News & Media
Adults catch a cold 2-3 times each year, while the flu hospitalized and killed more people in the U.S. last winter than in the past several decades, according to the CDC. With all our scientific breakthroughs, how are we still getting sick? The answer is simple: we're not properly protecting ourselves.
As we all know, there's no cure for the common cold. And while getting an annual flu vaccine protects against a few strains of the influenza, it doesn't protect you from them all. A few simple steps can help make the difference between a houseful of sniffling sniffersons and a healthy home during cold and flu season.
1. Choose a disinfectant that works
Not all disinfectants kill cold and flu. You may be shocked to learn that not all products from popular brands like Lysol, Formula 409, Windex, Fantastik and Pine-Sol kill the cold and flu. When looking for a disinfectant that kills these, look for ones that include the cold virus, also known as Rhinovirus, as well as the flu virus, which is commonly spread as the H1N1 Influenza A Virus.

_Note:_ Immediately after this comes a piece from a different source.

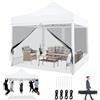 COBIZI Gazebo 3x3M Pieghevole Impermeabile con Zanzariera, Gazebo Esterno Resistente Robusto Richiudibile da Giardino, Bianco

2. Give your disinfectant enough time to work
Did you know disinfectant wipes often require surfaces remain wet for up to 10 minutes in order to kill germs effectively? All disinfecting products need to stay wet on the surface for a specific length of time to kill bacteria and viruses. This is referred to as "kill time", "dwell time" and/or "contact time" which you can find listed on the label instructions. If it dries before the kill time is met, then you haven't actually disinfected anything. Illness and disease-causing pathogens could still be there. Be careful, as this kill time can vary even between products made by the same company.
Many disinfectants also contain alcohol, which can cause the liquid to dry quickly. This can make it difficult to keep the surface wet without re-wiping multiple times, so you're better off using a spray disinfectant cleaner.
3. Disinfect household handles, switches and knobs
Make sure to disinfect handles, knobs and other frequently-touched items such as your phone, video game controllers and more (here's how). Do so repeatedly, because new germs that come into your home can spread entirely through the house in less than eight hours!
You want to continually disinfect during cold and flu season so you keep the germs at bay. This is where an alcohol and bleach-free formula can come in handy. While they don't do immediate damage, over time they can cause discoloration, dryness or cracking, especially on plastic or vinyl surfaces.
4. Wash your hands!
You're likely not the first, nor even the tenth person to use that elevator button or doorknob at work, so make sure to regularly wash your hands to avoid unwelcome germs camping out in common areas.
When flu prevention experts advise you to wash your hands, they don't mean a quick run under the faucet. It's important to use soap and warm water, and rub your hands together for 15-20 seconds. If soap and water aren't available, use an alcohol-based hand rub. Alcohol is often used to kill bacteria and viruses by breaking down cell proteins.
5. Coughing or sneezing: Cover your mouth and nose
A single sneeze can spray cold and flu germs up to six feet, so when you feel a cough or sneeze coming on, reach for into a tissue - and then throw it away once finished. If a tissue isn't readily available, sneeze into the crook of your elbow to prevent sending a cloud of germs into the air.
Researchers at MIT discovered in a sneezing study that when you sneeze, you produce a wide sheet of saliva, mucus and germs that balloons, then bursts like a bubble, and finally disperses into a spray that spreads in nearly all directions. You should also avoid sneezing into your hands, because you'll likely transfer those germs to the next surface you touch, where it can live for at least a few hours.
6. Avoid touching your eyes, nose and mouth
Germs are easily spread to and from the body when you frequently touch your face. Whether at work, home or out running errands, following this simple rule will help significantly prevent the spread of illness-causing germs.